10th Aug 2018 09:55
LONDON (Alliance News) - Diversified Gas & Oil PLC on Friday said it is on track to meet market forecasts for 2018, as it progressed on Appalachian basin assets integration and launched a new decommissioning management department.
The gas & oil producer said integration of its Appalachian basin assets, acquired in June from EQT Corp for USD575 million, is progressing as planned.
Diversified Gas & Oil also confirmed that it expects the results for 2018 to be in line with current market forecasts.
During the period, the company said it created a department to manage its routine decommissioning programs with regulators within the US states in which it operates.
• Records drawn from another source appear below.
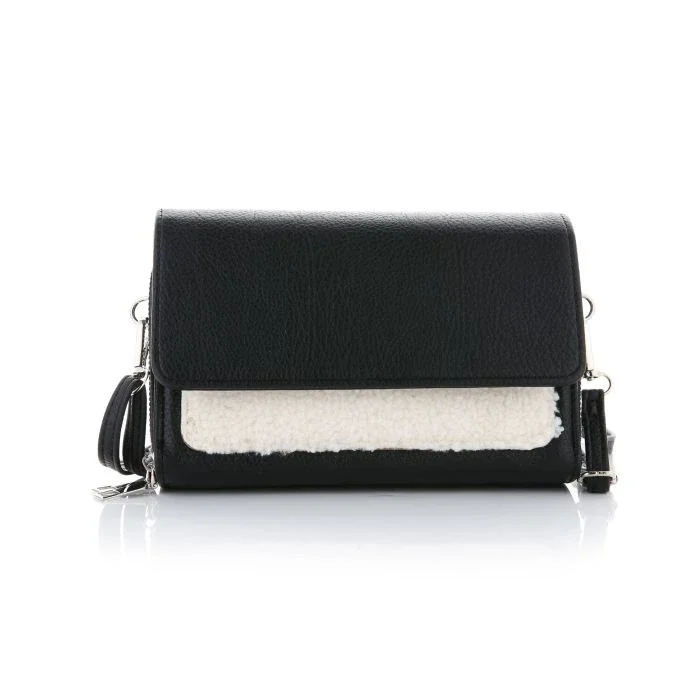 Trendy Telefoontasje: Zwart Lederlook met Witte Teddy Accent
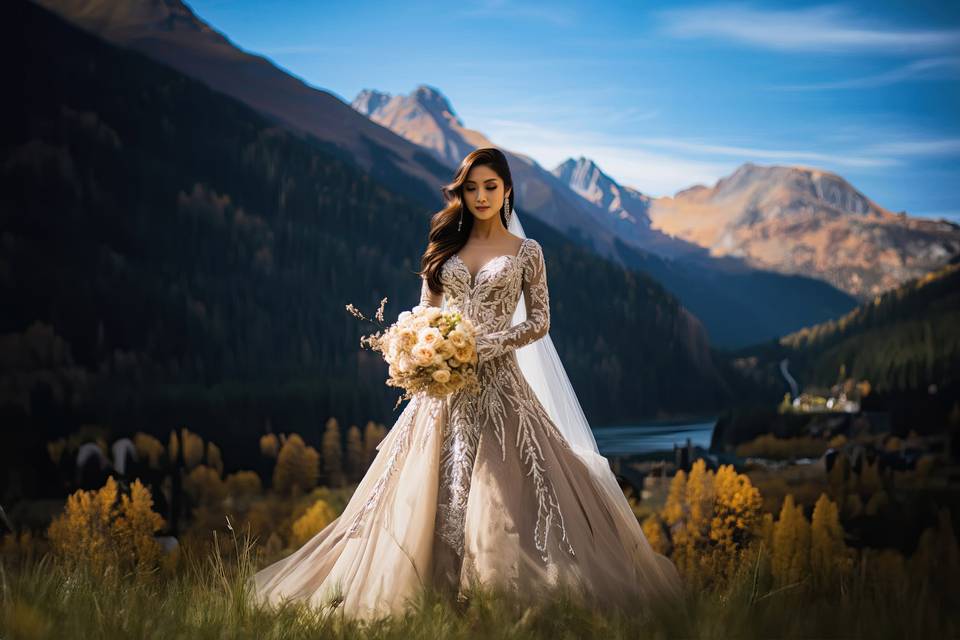 Bride standing next to a mount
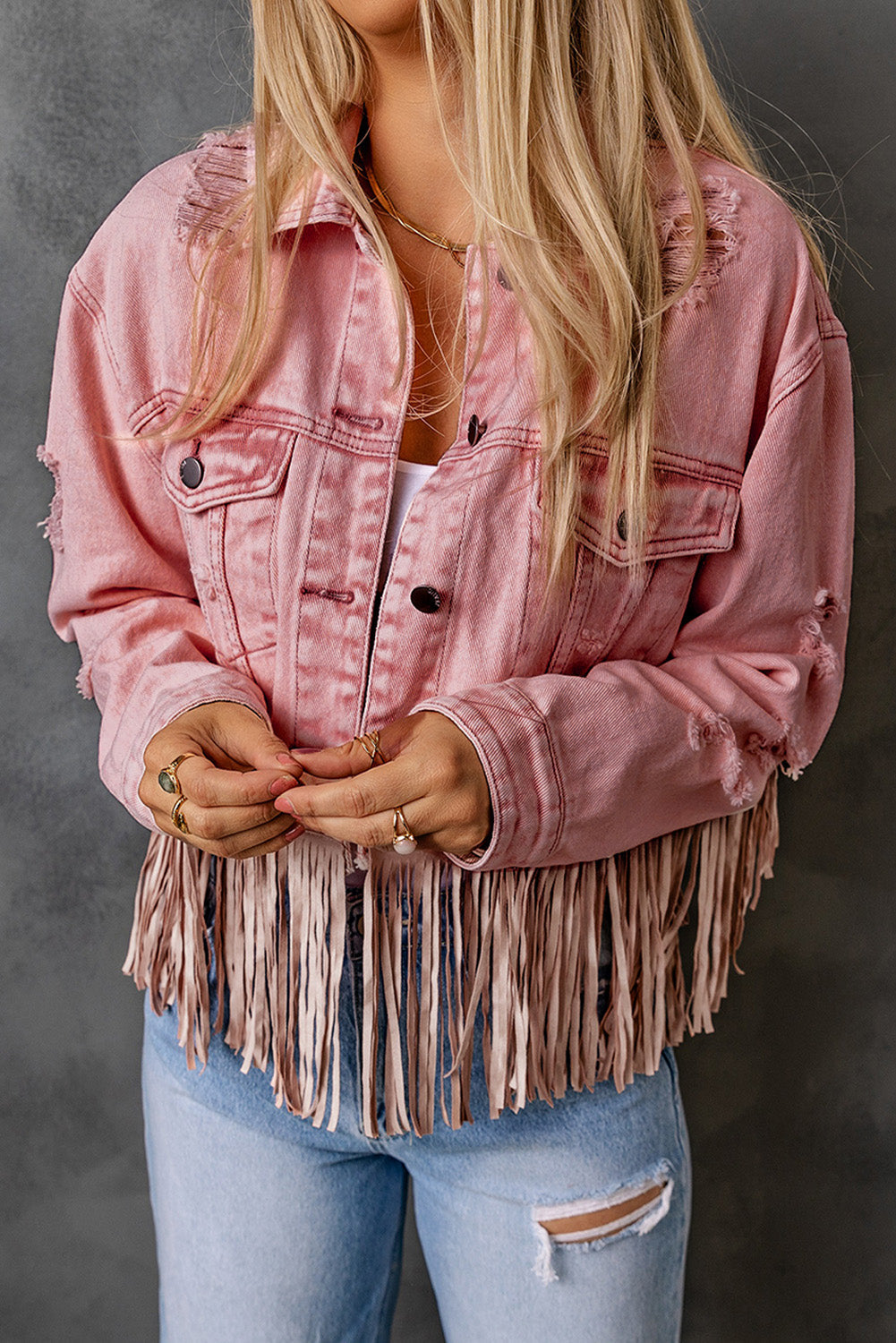 Pink Distressed Fringed Cropped Denim Jacket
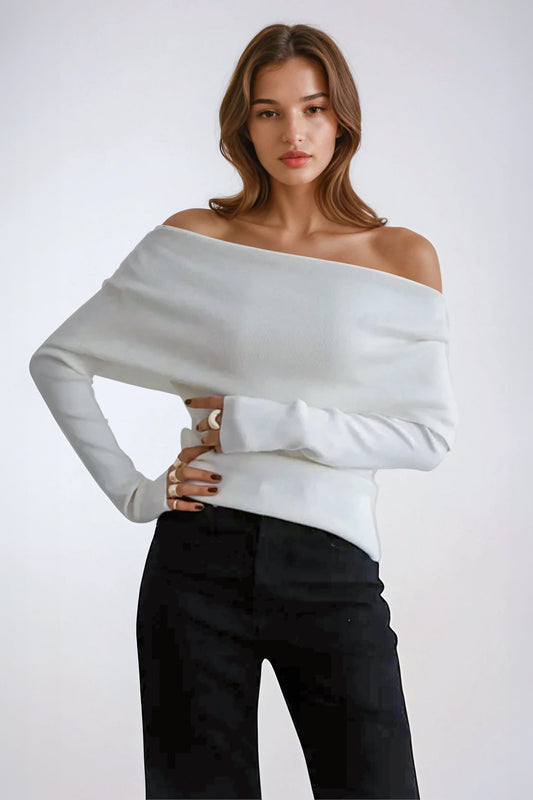 Off-Shoulder Knit Sweater with Fold-Over Neckline - White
In Ohio, the company has a formal five-year agreement to plug up to 18 wells per year. In Pennsylvania, Diversified Gas & Oil said it continues to engage in productive conversations with the Department of Environmental Protection and expects to reach a resolution in the near future.
The company budgets annually for the number of wells it expects to plug, but when no formal agreements exist, it estimates the number of wells it will plug based on need or operating constraints.
Diversified Gas & Oil's average per-well decommissioning cost for year-to-date totals USD20,600, which the company expects to trend lower as it continues to reduce reliance on third-party contractors and increases the utilization of its internal resources.
Looking, ahead, the company said it does not expect to increase its planned plugging activities.
Shares in Diversified Gas & Oil were trading 0.5% higher on Friday at 107.00 pence each.
The company expects to announce its interim results on or before September 12.